The end of the 2024 fiduciary rule means one-time retirement advice no longer requires advisors to act in your best interest

A one-time recommendation to roll over TSP assets does not require the advisor to act as a fiduciary. That means they are not legally obligated to put your best interest first, disclose conflicts, or ensure the advice remains sound over time. The Department of Labor’s 2024 fiduciary rule, which would have expanded when financial professionals must act as fiduciaries, has been vacated. Now, the 1975 ERISA definition and the DOL’s 2020 guidance apply. Under this framework, fiduciary status hinges on whether advice is given on a 'regular basis' and under a mutual understanding of an ongoing relationship. A single consultation—framed as a free TSP analysis or retirement income plan—typically avoids fiduciary duty. That lowers regulatory exposure for the advisor but also removes key protections for federal employees. Fiduciary status requires prudent, conflict-managed advice and long-term accountability. Without it, a recommendation might be suitable at the moment but fail to address tax strategy, Social Security timing, FERS pension integration, Medicare decisions, or future market shifts. There is no obligation for follow-up. Ongoing advisory relationships, by contrast, are more likely to trigger fiduciary responsibility. They include continuous monitoring, adaptive planning, and coordinated decision-making across all retirement pillars. While not all one-time advice is harmful, and some commission-based transactions are appropriate, the current rules do not require the best-interest standard at pivotal moments like retirement.
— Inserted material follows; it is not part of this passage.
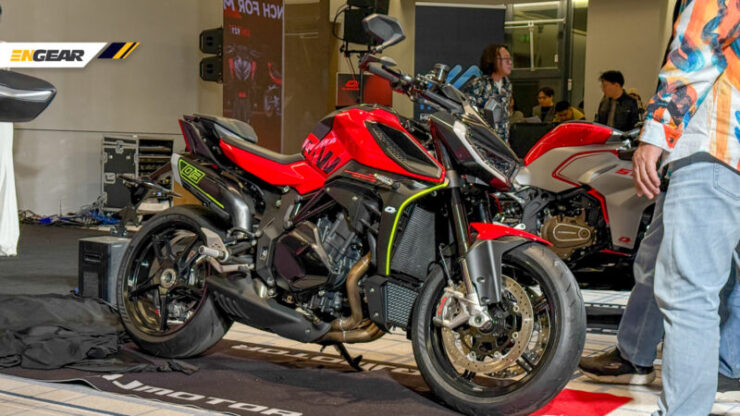 QJMotor SRK 921 2026 10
Federal employees should ask whether the advice offered is part of a lasting relationship, who will adjust the plan over time, and when—exactly—the advisor is acting as a fiduciary. The most important question is not what the recommendation is, but who will still be there after it’s carried out. High-stakes decisions like TSP rollovers can now be made without the advisor being held to a best-interest standard.